Promessa atrasada: duplicação da RSC - 453 só deve sair em 2027
A aguardada duplicação da RSC-453, no trecho entre Garibaldi, Bento Gonçalves e Farroupilha, pode ficar só para 2027. A concessionária CSG (Caminhos da Serra Gaúcha) solicitou ao governo do Estado uma prorrogação de 15 meses no cronograma, que previa conclusão até janeiro de 2026. O pedido já causa polêmica: enquanto a empresa alega necessidade de ajustes após as enchentes, o deputado estadual Guilherme Pasin (PP) afirma que a mudança “quebraria a confiança pública”.

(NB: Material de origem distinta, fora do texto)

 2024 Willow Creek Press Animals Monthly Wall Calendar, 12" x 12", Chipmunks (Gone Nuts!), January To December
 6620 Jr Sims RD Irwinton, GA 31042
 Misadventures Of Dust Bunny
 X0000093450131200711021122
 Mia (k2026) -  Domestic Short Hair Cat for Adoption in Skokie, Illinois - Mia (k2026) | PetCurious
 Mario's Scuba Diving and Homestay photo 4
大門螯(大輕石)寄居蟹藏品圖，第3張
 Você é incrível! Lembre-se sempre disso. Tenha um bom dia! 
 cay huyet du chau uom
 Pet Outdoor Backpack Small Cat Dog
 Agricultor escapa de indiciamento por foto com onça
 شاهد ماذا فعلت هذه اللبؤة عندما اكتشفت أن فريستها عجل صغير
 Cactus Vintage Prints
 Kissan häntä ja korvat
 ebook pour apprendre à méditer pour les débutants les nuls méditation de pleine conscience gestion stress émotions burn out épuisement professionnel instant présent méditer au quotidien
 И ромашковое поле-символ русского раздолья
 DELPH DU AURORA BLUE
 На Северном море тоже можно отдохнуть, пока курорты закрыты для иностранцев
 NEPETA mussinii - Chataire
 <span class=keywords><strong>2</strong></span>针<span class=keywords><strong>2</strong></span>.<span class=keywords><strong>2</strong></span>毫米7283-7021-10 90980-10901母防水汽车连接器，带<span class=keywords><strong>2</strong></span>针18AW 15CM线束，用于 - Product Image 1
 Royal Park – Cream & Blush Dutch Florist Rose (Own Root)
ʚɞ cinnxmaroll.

O pedido de prorrogação faz parte da repactuação contratual do Bloco 3, vigente desde fevereiro de 2023. Além da duplicação da RSC-453, o pacote incluía a duplicação da ERS-122 (contorno norte de Caxias do Sul). Até agora, apenas frentes pontuais foram abertas, como a ponte sobre o Arroio Tega, mas sem avanço significativo.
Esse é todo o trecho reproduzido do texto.